在词源上,文化是人耕耘心灵的产物。与此类似,人的灵性、精神、意识、语言一定程度上何尝不是人耕耘自己心灵的产物?[6] 在此意义上,它们很容易和物质、肉体一同被误解为某种终极价值的前设,甚至被误解为某种终极价值本身。[7] 不过,对于作为个体生命的人而言,它们的真正价值是为了见证、塑造个人的自我,使其生成为人的灵性生命、文化生命、精神生命、意识生命、肉体生命、语言生命,把自己和世界中的其他基础媒介“差别与相关”起来。通过这样的“差别与相关”,个人才能赋予不同的媒介对象以特定的、相对的、有限的、个别的价值。即使如此,媒介生成论最终需要以终极价值论为前设。[8] 任何灵性价值论、文化价值论、精神价值论、意识价值论、肉体价值论、物质价值论、语言价值论,[9] 都依存于由终极实在——永恒——承诺的终极差别,以及由终极差别承诺的终极价值。只有承认这种终极价值的绝对存在,才能使媒介生成论视角下的万有在媒介化的互动过程中避免取向绝对虚无主义的价值观,才能使万有奠基于存在之中。没有永恒,万有即虚无!


注释

  1. 林灿文:《媒介间的辩证法:基于迪克· 希金斯的激浪派艺术思想研究》,杭州:中国美术学院博士学位论文,2023年,第202页。

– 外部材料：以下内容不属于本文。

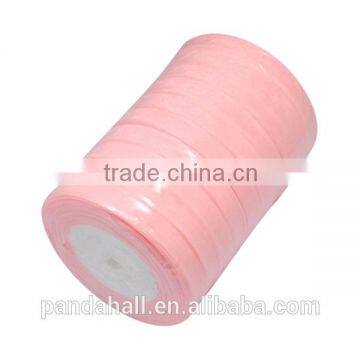 Awesome Decorative 10mm Width Organza Ribbons Wholesale(RS10mmY004)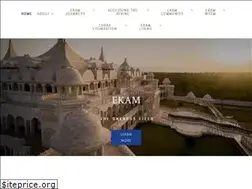 Sites similar to ekam.org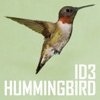 Hummingbird - EP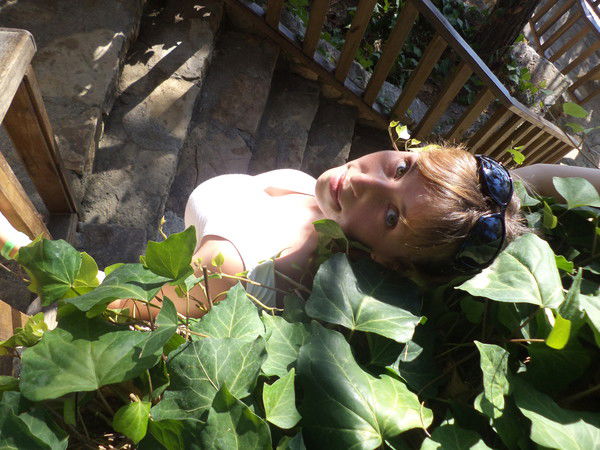 Светлана Силко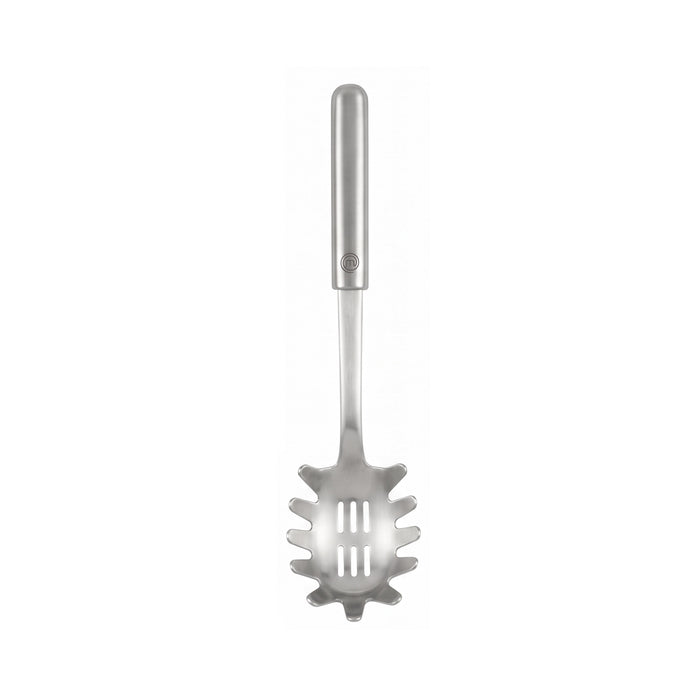 MasterChef Performance Orbura Pasta Server Stainless Steel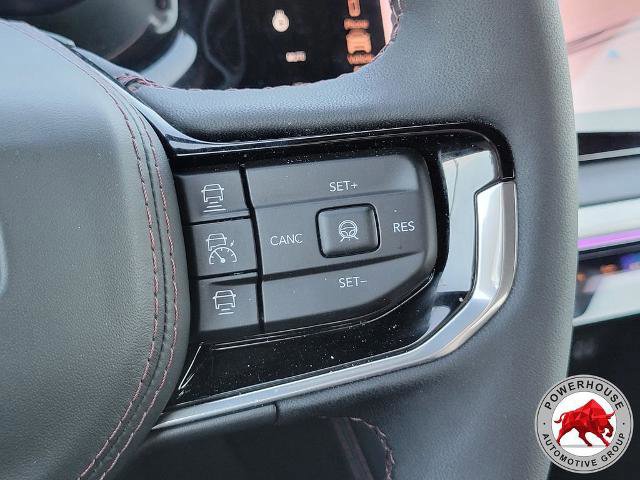 Used 2024 Jeep Wagoneer Launch Edition image 33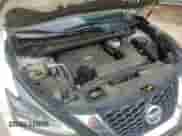 2021 Nissan Murano SL z VIN 5N1AZ2CJ2MC143686, wystawiony jako Copart lot #65710905 z przebiegiem 88 898 mil mil oraz Szkoda całkowita • Salvage title. Historia ofert i sprzedaży dostępna na DreamBid. Obrazek 14.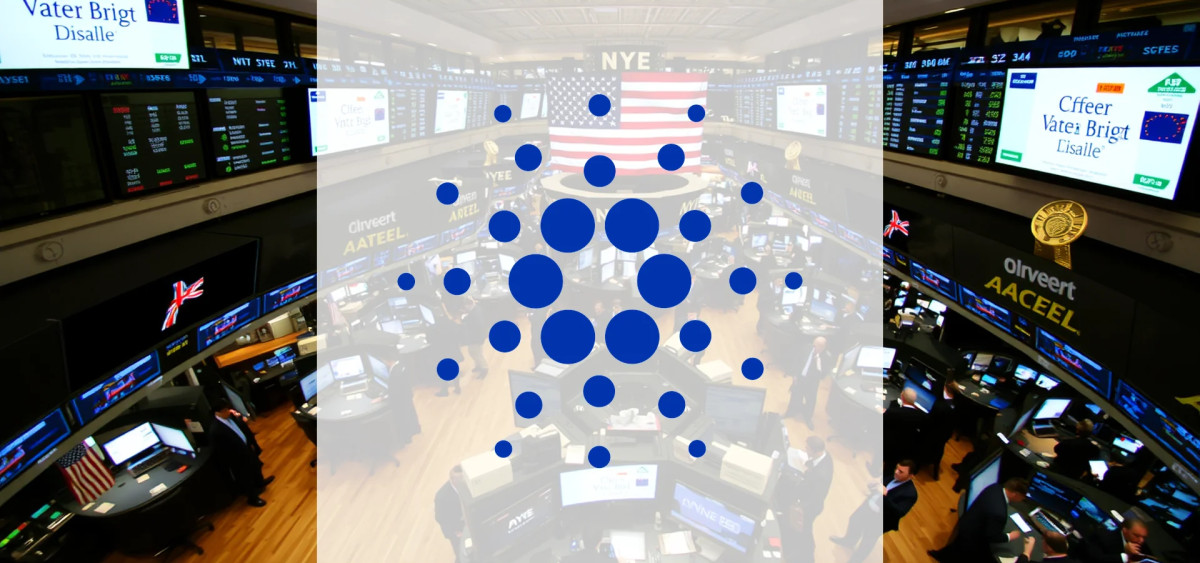 Beitragsbild zu Cardano: Umsatzprognosen gestellt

  2. 约翰·杜海姆·彼得斯:《交流的无奈:传播思想史》,何道宽译(北京:华夏出版社,2003年),第64页。
  3. 同上,第63页。
  4. 在没有发现更好的术语前,笔者暂时使用“人神关系中的内在”一词。至于人作为个体的生命之在、生长、生存、存在、共在、同在的意涵,详细参见拙作:《历史与逻辑:逻辑历史学引论》(新北:花木兰文化事业有限公司,2022年),第163—340页。
  5. “时空世界中的‘物质’、语言世界中的‘语言’”这样的说法,相当于笔者之前使用的“人时关系中的‘时间(空间)’、人言关系中的语言”之术语。也许还存在更准确的术语表达。参见拙作:《当代艺术的人文批评》(南京:江苏凤凰美术出版社,2019年),第32—49页。
  6. 这里使用“一定程度上”一词,因为个人的灵性、精神、意识、语言乃至文化还取决于个人在人神关系、人人关系、人我关系、人言关系、人史关系中的互动活动,正如人的肉体依赖于人物关系中的互动活动一样。
  7. 中国今天盛行的物质主义艺术观、以及日本1960年代“物派”艺术的哲学基础,就是基于物质作为一种终极价值的预设。同时参见拙文:《物欲与灵魂:对中国物质主义的神学思考》,王忠欣主编:《基督教与中国》,第5辑(北美华人基督教学会,2007年),第181-195页。
  8. 关于终极价值如何获得自己的终极性,参见拙作:《历史与逻辑:逻辑历史学引论》,第153—162页。
  9. 笔者曾一度把“文化价值论、精神价值论、意识价值论、肉体价值论、物质价值论”分别称为历史价值逻辑、社会价值逻辑、心理价值逻辑、生理价值逻辑、物理价值逻辑,参见拙作:《历史与逻辑:逻辑历史学引论》,第163—340页。